Il y a cinq ans, Nathaniel Mary Quinn réalise spontanément un portrait de son frère Charles. Il émerge sur la toile de manière inattendue, s’écartant d’un travail jusqu’alors tourné vers des sujets d’actualité ou plus politiques. Plus important encore, il ouvre une porte vers le passé de Quinn, vers un univers auquel il continue à se consacrer, un univers qui puise ses sources dans les personnages qui ont marqué une existence hors du commun. L’histoire personnelle de Quinn est à présent bien connue. C’est un parcours traumatisant : il grandit dans les Robert Taylor Homes, cité HLM de Chicago ravagée par la drogue, il est repéré comme enfant « prometteur » et admis dans un pensionnat prestigieux ; à 15 ans, suite au décès de sa mère, il rentre chez lui et découvre que son père et ses quatre frères ont disparu sans laisser de trace. L’histoire de Quinn est souvent racontée dans les articles qui lui sont consacrés, et à juste titre. Dessins et tableaux, en effet, ont souvent pour origine les personnages qui ont peuplé la vie de l’artiste, et ses expositions ont tendance à s’articuler autour de groupes particuliers : habitants de la cité Robert Taylor dans son exposition Back and Forth à Chicago en 2015 ; sa mère et lui-même dans On that Faithful Day à New York en 2017 ; et, plus récemment, des personnages issus de Crown Heights, le quartier de Brooklyn qu’il habite aujourd’hui, dans The Land, à New York en 2018.

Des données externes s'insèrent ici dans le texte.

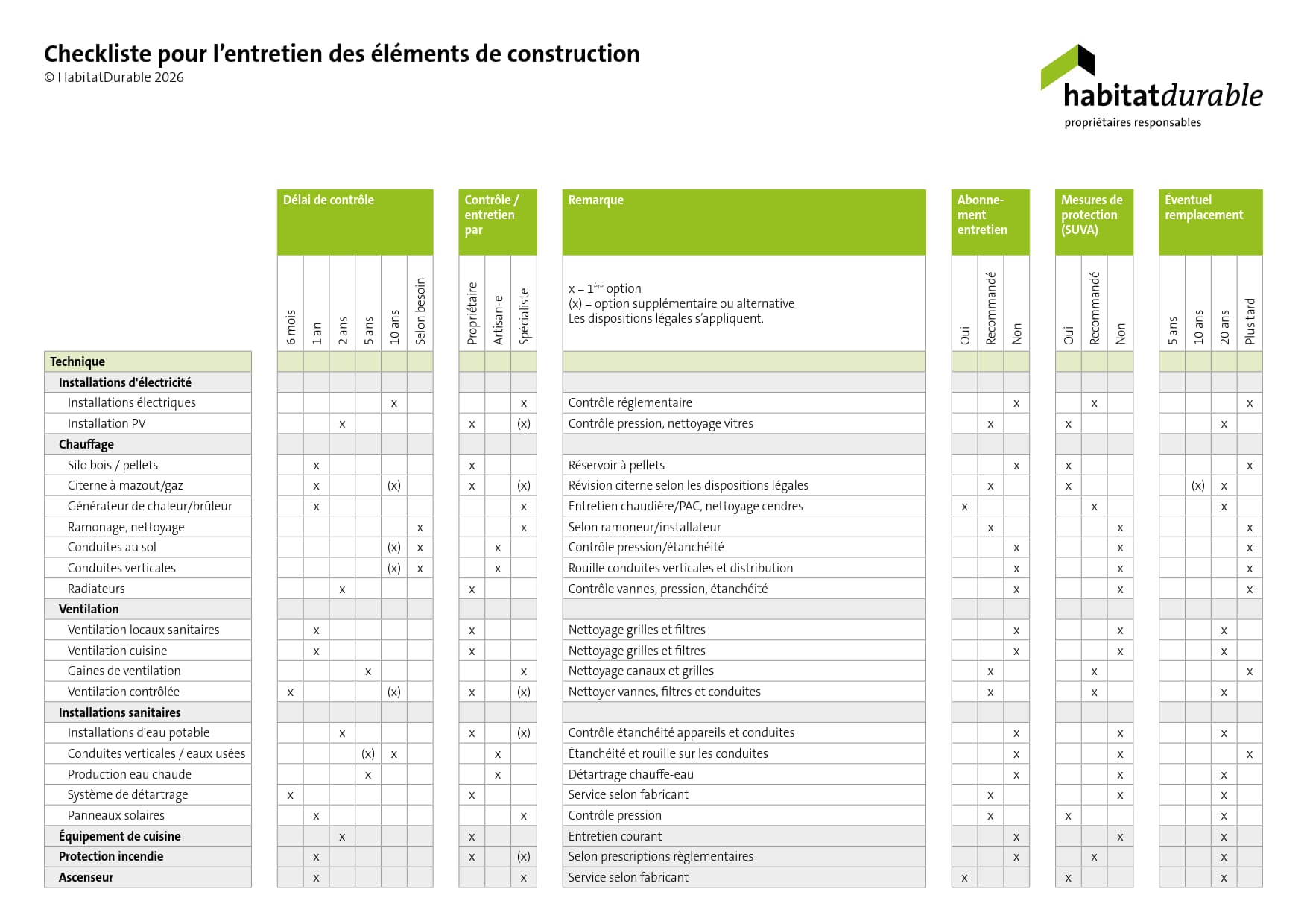 Checkliste pour l’entretien des éléments de construction (imprimé) - Image 2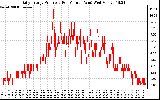 Solar PV/Inverter Performance Daily Energy Production Per Minute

Pour autant, les œuvres de Quinn ne sont pas des portraits au sens classique. D’abord, ils n’ont aucun rapport visuel évident avec le modèle. La nature insaisissable de la mémoire est au cœur des dessins de Quinn, qu’il forme mentalement plutôt qu’à partir d’esquisses ou de sources extérieures, photographiques par exemple. Les protagonistes qui en résultent assument une apparence composite, proche du collage, faite de traits faciaux et de parties du corps cousus ensemble pour former un ensemble fracturé. Ensuite, en dépit de leur grande sensibilité à l’état d’esprit du personnage représenté, les portraits de Quinn rejettent la singularité au profit d’un lexique visuel dans lequel certains motifs graphiques reviennent fréquemment. Morceaux d’animaux - groin du cochon ou œil humide du gorille -, motifs décoratifs - fleurs et nœuds surdimensionnés -, ou encore dessins abstraits - pois, drapeaux et gribouillis, pour ne citer que quelques-uns des éléments récurrents qui peuplent les dessins et peintures de Quinn. Comme le dit l’artiste, « Je crois que dans la vie, on est un amalgame d’expériences multiples. On se construit à travers une succession de joies, de tristesses, de hauts et de bas. J’essaie d’en énoncer l’essence. … La perception subjective est tout simplement l’allégeance – l’interdépendance inconsciente entre tous – que l’on fait à son propre ego. Et l’ego empêche de percevoir le collectif. »[1]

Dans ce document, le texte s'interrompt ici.